The Real Madrid team that Cunningham was being added to had won La Liga in three of the past four seasons. It was a dogged, obdurate side largely made up of home-grown players, such as the studious-looking midfielder Vicente del Bosque, who’d later manage Spain to triumph in the 2010 World Cup, and Jose Camacho, a thick-set defender who approached each game as if it were to the death. Their coach was a dour but shrewd Serbian, Vujadin Boskov, who’d cast the team in his own image. One might admire their work ethic, but there was nothing about Boskov’s
Madrid to capture the imagination or make hearts race. They had also failed to replicate their domestic success in the cauldron of continental competition, and had crashed out of the previous season’s European Cup to the Swiss side Grasshopper Zurich, which was tantamount to a humiliation.

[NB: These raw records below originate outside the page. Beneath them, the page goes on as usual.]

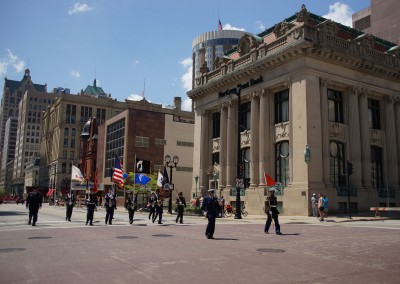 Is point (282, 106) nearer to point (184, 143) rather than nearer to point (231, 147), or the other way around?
point (231, 147)

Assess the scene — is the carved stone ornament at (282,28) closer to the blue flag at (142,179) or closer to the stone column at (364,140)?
the stone column at (364,140)

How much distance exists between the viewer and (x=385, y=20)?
5825 cm

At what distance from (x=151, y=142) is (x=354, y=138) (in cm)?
3513

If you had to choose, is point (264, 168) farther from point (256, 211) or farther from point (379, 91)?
point (379, 91)

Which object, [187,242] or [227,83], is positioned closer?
[187,242]

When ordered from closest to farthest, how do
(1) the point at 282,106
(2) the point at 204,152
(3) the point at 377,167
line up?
(1) the point at 282,106, (3) the point at 377,167, (2) the point at 204,152

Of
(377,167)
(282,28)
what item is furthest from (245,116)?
(377,167)

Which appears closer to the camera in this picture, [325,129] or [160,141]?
[325,129]

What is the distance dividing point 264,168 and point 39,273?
31.3 metres

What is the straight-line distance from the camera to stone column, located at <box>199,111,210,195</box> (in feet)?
155

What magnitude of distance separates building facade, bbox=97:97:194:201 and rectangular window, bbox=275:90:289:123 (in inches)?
1062

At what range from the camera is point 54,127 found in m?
127

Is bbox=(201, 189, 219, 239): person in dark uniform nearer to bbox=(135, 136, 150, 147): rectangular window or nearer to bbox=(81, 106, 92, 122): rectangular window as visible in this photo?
bbox=(135, 136, 150, 147): rectangular window

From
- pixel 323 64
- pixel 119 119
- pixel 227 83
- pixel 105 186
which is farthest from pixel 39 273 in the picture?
pixel 105 186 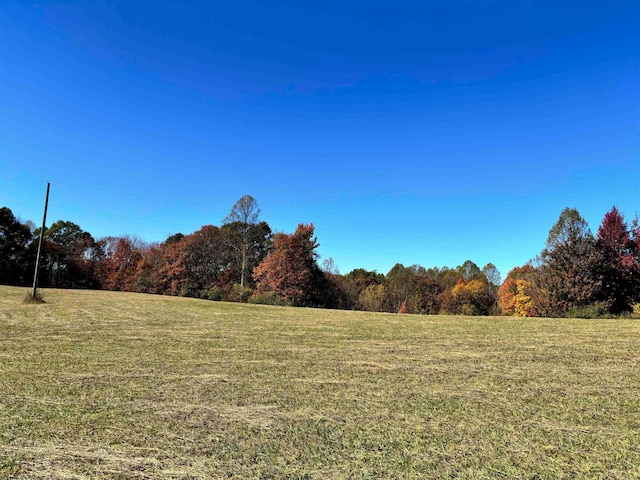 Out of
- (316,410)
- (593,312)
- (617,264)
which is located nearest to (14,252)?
(316,410)

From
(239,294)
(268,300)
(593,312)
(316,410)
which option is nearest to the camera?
(316,410)

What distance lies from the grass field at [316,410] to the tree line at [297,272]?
39.8 ft

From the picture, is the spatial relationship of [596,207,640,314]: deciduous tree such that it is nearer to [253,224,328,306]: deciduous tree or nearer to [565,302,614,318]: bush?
[565,302,614,318]: bush

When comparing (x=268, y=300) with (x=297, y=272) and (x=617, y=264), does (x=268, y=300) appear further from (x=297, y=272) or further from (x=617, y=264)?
(x=617, y=264)

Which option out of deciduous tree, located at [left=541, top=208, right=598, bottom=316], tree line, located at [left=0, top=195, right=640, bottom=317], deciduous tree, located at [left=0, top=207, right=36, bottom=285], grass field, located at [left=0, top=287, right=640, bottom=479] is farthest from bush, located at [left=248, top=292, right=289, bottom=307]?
deciduous tree, located at [left=0, top=207, right=36, bottom=285]

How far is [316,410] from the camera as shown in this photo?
3.13m

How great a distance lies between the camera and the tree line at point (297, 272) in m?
16.9

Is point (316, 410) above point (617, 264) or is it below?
below

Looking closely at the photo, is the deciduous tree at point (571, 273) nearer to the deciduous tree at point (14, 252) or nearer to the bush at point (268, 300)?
the bush at point (268, 300)

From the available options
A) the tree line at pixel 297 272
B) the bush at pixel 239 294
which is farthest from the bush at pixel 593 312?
the bush at pixel 239 294

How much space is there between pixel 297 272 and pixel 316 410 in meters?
22.4

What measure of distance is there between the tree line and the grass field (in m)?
12.1

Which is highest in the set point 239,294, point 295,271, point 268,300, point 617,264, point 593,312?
point 617,264

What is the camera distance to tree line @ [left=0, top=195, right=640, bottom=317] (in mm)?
16859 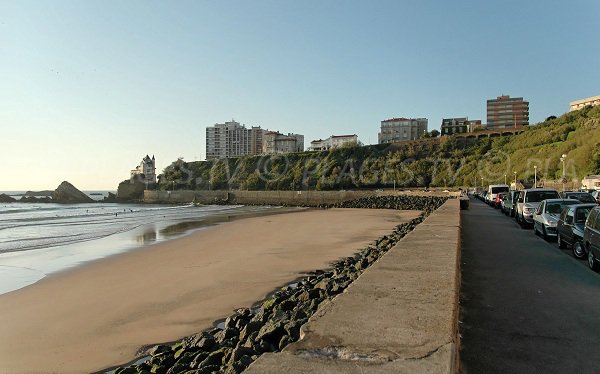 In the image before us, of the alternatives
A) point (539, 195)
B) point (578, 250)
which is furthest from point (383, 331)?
point (539, 195)

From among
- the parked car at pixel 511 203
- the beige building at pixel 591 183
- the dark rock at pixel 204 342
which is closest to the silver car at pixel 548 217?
the parked car at pixel 511 203

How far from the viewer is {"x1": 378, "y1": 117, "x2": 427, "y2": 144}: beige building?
16650 cm

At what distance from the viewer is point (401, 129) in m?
168

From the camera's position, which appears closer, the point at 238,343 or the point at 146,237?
the point at 238,343

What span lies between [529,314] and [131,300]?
24.2ft

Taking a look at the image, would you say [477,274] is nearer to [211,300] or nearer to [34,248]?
[211,300]

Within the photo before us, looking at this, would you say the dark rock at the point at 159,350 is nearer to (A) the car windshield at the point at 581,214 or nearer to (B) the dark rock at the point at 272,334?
(B) the dark rock at the point at 272,334

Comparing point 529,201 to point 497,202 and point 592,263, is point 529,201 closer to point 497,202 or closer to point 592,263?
point 592,263

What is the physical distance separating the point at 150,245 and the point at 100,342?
12.9 metres

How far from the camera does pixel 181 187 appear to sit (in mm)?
126375

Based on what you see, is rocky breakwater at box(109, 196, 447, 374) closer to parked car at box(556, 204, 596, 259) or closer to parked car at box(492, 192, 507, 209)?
parked car at box(556, 204, 596, 259)

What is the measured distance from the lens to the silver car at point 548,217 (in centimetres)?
1423

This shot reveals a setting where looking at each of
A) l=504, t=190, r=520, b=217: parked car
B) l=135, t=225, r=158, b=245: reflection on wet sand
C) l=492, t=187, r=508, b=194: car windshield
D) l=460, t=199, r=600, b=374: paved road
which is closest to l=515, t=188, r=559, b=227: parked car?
l=504, t=190, r=520, b=217: parked car

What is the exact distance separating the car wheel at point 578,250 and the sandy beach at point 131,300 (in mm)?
6440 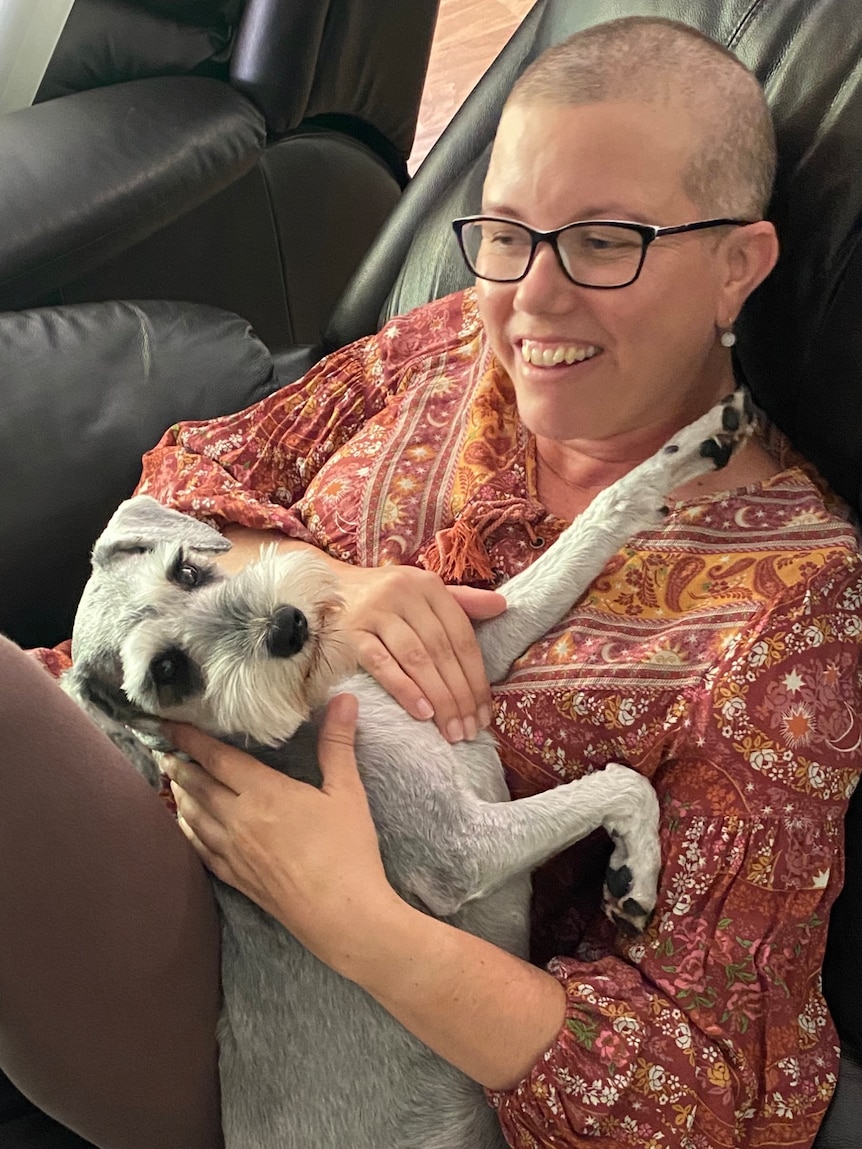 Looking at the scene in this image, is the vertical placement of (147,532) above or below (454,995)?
above

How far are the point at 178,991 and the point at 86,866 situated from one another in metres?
0.26

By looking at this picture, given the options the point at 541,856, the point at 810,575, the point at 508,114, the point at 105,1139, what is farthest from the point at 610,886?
the point at 508,114

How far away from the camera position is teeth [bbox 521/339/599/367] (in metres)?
1.43

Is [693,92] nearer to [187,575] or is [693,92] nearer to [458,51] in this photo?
[187,575]

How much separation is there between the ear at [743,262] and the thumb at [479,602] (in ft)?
1.71

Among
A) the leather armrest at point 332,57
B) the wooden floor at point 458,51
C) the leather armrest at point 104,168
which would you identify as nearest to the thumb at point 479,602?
the leather armrest at point 104,168

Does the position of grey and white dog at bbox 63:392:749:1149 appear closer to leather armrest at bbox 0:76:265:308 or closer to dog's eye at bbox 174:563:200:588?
dog's eye at bbox 174:563:200:588

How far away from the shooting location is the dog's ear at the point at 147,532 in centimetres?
155

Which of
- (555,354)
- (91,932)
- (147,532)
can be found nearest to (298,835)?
(91,932)

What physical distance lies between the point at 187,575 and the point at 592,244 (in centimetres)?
76

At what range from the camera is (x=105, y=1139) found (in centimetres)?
132

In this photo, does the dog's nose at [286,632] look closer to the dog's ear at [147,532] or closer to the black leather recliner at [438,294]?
the dog's ear at [147,532]

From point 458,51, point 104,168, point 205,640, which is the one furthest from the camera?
point 458,51

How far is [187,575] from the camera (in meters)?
1.52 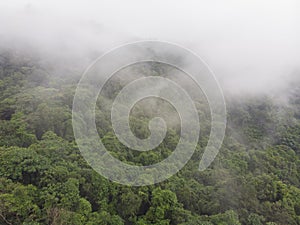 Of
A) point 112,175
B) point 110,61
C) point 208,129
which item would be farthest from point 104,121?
point 110,61

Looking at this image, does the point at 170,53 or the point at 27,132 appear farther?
the point at 170,53

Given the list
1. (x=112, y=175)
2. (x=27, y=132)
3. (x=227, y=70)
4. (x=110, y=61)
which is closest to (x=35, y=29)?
(x=110, y=61)

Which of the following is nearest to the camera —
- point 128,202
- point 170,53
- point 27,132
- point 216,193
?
point 128,202

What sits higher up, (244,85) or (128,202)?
(244,85)

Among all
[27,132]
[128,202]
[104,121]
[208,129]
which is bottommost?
[128,202]

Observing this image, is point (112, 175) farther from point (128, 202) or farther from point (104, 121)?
point (104, 121)

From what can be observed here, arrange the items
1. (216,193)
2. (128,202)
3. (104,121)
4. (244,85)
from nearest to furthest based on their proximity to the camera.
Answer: (128,202) → (216,193) → (104,121) → (244,85) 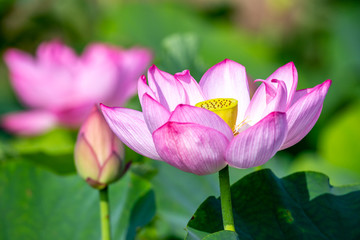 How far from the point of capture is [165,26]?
260 cm

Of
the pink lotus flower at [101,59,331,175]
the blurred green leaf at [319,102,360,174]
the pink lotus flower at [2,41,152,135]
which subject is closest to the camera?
the pink lotus flower at [101,59,331,175]

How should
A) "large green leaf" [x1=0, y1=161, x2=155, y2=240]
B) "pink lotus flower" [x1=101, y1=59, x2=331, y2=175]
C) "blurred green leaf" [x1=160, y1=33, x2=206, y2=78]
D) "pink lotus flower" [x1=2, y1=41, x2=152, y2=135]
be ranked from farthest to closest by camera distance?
"pink lotus flower" [x1=2, y1=41, x2=152, y2=135], "blurred green leaf" [x1=160, y1=33, x2=206, y2=78], "large green leaf" [x1=0, y1=161, x2=155, y2=240], "pink lotus flower" [x1=101, y1=59, x2=331, y2=175]

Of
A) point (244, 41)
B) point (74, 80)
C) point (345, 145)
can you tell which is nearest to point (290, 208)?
point (74, 80)

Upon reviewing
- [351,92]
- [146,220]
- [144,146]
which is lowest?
[351,92]

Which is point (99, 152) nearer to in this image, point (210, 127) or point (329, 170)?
point (210, 127)

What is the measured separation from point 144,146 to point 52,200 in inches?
14.4

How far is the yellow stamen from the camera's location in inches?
19.7

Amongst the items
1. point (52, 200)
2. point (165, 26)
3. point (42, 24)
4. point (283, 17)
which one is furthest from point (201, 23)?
point (52, 200)

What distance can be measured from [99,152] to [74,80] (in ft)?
3.02

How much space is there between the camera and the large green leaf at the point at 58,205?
2.51 feet

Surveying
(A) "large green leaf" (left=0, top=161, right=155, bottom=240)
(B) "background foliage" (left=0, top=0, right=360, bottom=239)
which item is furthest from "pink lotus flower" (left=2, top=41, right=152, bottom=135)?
(A) "large green leaf" (left=0, top=161, right=155, bottom=240)

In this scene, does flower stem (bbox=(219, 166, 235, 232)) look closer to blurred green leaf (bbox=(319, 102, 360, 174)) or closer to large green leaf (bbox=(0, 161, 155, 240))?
large green leaf (bbox=(0, 161, 155, 240))

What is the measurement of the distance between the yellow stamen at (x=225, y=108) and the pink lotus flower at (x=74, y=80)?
900 millimetres

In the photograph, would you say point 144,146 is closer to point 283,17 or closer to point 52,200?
point 52,200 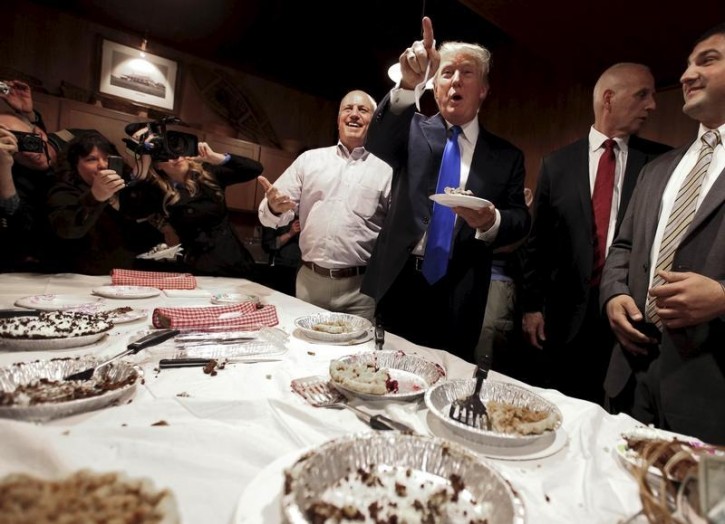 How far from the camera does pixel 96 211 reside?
7.91ft

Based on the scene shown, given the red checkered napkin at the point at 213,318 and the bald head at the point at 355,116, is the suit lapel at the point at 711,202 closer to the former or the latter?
A: the red checkered napkin at the point at 213,318

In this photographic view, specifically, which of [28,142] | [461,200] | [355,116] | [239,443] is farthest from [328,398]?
[28,142]

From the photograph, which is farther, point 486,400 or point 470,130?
point 470,130

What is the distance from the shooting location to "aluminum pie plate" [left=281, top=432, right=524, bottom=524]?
1.95 feet

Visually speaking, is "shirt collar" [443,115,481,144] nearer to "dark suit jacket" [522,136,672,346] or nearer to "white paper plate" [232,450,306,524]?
"dark suit jacket" [522,136,672,346]

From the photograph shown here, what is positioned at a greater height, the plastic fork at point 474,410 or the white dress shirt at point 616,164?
the white dress shirt at point 616,164

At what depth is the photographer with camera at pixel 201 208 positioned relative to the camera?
2.88 metres

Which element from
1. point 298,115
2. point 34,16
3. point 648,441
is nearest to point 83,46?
point 34,16

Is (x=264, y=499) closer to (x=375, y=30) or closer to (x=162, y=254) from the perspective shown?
(x=162, y=254)

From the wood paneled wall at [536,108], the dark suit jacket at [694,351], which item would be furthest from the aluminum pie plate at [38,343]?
the wood paneled wall at [536,108]

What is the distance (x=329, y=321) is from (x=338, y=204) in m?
1.14

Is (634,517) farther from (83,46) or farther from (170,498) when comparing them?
(83,46)

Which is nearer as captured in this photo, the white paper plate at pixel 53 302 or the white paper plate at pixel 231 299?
the white paper plate at pixel 53 302

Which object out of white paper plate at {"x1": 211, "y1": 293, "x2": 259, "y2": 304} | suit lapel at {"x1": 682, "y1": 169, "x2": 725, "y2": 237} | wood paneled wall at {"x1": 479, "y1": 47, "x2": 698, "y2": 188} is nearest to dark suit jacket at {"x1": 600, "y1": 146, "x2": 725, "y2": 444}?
suit lapel at {"x1": 682, "y1": 169, "x2": 725, "y2": 237} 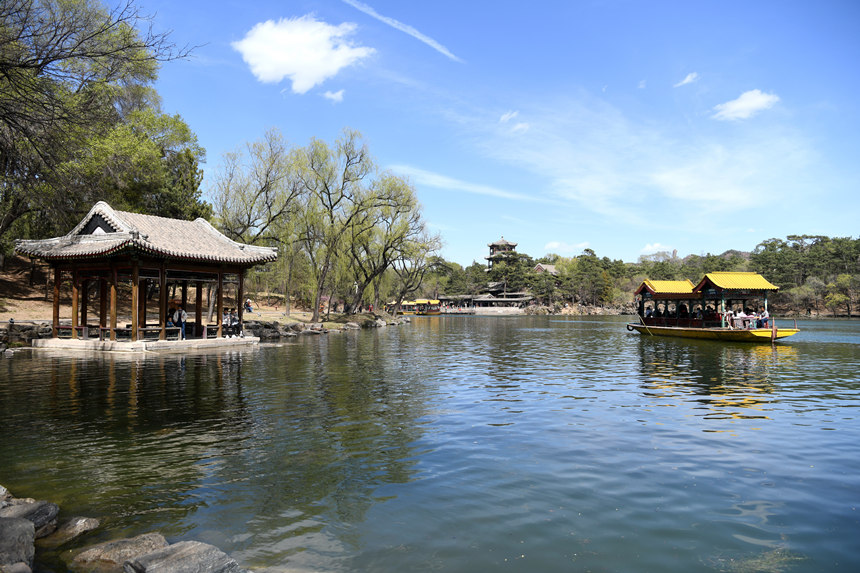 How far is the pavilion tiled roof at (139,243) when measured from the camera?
19500 millimetres

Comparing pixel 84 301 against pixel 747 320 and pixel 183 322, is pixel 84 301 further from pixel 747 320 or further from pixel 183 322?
pixel 747 320

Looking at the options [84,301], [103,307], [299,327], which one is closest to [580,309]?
[299,327]

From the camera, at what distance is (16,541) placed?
4508mm

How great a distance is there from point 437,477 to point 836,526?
426 cm

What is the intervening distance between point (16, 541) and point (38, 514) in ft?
3.03

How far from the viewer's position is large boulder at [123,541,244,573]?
13.7 feet

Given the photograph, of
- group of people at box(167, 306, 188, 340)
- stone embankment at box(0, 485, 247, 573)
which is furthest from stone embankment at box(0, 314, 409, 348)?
stone embankment at box(0, 485, 247, 573)

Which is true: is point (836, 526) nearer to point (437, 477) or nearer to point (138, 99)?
point (437, 477)

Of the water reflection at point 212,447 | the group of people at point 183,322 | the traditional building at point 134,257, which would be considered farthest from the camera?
the group of people at point 183,322

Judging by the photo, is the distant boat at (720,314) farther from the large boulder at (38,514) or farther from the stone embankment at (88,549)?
the large boulder at (38,514)

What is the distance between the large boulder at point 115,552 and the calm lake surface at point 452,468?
0.29 metres

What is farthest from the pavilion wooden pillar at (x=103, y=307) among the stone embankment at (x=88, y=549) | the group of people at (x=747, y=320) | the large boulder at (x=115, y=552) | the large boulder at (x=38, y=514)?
the group of people at (x=747, y=320)

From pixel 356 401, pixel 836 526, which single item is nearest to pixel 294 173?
pixel 356 401

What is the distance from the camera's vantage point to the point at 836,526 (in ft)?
17.6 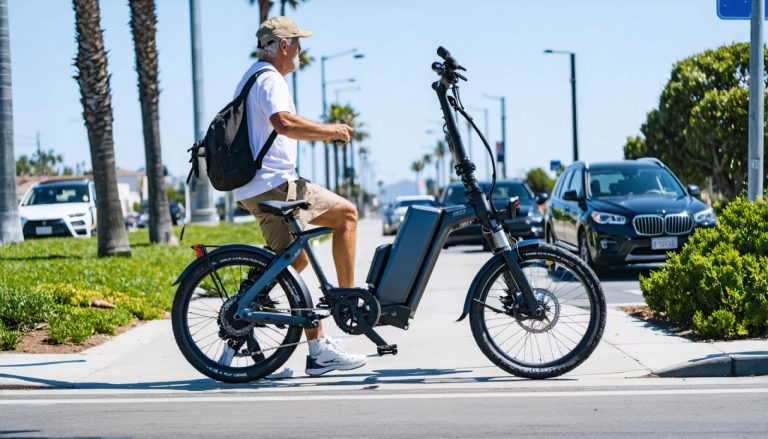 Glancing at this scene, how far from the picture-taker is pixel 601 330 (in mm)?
6535

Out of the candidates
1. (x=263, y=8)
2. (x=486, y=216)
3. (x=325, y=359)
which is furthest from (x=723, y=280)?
(x=263, y=8)

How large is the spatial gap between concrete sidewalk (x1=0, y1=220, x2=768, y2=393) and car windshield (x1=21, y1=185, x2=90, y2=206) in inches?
771

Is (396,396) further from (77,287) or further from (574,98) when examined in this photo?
(574,98)

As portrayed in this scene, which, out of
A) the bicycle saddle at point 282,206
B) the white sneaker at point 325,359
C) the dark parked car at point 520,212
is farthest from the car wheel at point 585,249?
the bicycle saddle at point 282,206

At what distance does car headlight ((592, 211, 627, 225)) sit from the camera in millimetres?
14906

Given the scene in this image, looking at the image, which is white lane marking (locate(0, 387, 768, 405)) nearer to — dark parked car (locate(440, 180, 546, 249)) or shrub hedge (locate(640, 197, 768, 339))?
shrub hedge (locate(640, 197, 768, 339))

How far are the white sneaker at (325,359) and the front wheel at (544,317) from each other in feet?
2.68

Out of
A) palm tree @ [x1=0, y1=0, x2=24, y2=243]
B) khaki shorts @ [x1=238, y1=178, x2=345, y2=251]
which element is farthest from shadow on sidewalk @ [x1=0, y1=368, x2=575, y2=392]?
palm tree @ [x1=0, y1=0, x2=24, y2=243]

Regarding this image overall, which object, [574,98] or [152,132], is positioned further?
[574,98]

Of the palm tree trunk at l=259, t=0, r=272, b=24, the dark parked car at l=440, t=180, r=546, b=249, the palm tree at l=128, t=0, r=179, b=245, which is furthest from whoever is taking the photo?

‘They were known as the Madrid of the Garcias, which is the equivalent of being called the Manchester United Smiths,’ says Guardian newspaper journalist Sid Lowe, an experienced commentator on Spanish football. ‘There was a keen sense that this was a team that had been built on old-fashioned values and that it was a little bit rudimentary and not particularly glamorous. Although to a certain extent some of the players in it were pushing boundaries – Del Bosque’s father had been in a Franco prison camp and he was very left-wing in his outlook. That was very different to the general perspective in Spain at the time.
‘But overall they were a grey-seeming team. Laurie Cunningham was bought to add to it that spark of excitement and flair. He was very definitely meant to be the glamour figure.’
At its core, Real Madrid was a deeply conservative institution – just as Spain itself was at that juncture. The beginnings of a cultural revolution were being felt at the fringes, but the country as a whole was still coming out of the shadows and blinking into the light after Franco’s death. The old general might have gone, but the residue of his far-right politics continued to hold sway in many areas and at all levels of Spanish life. The influence of the Catholic Church was also powerful and persuasive. Spaniards were compelled to uphold the values of unquestioning faith, hard work and marriage. Real Madrid expected its players to be dutiful and preferred them to be married.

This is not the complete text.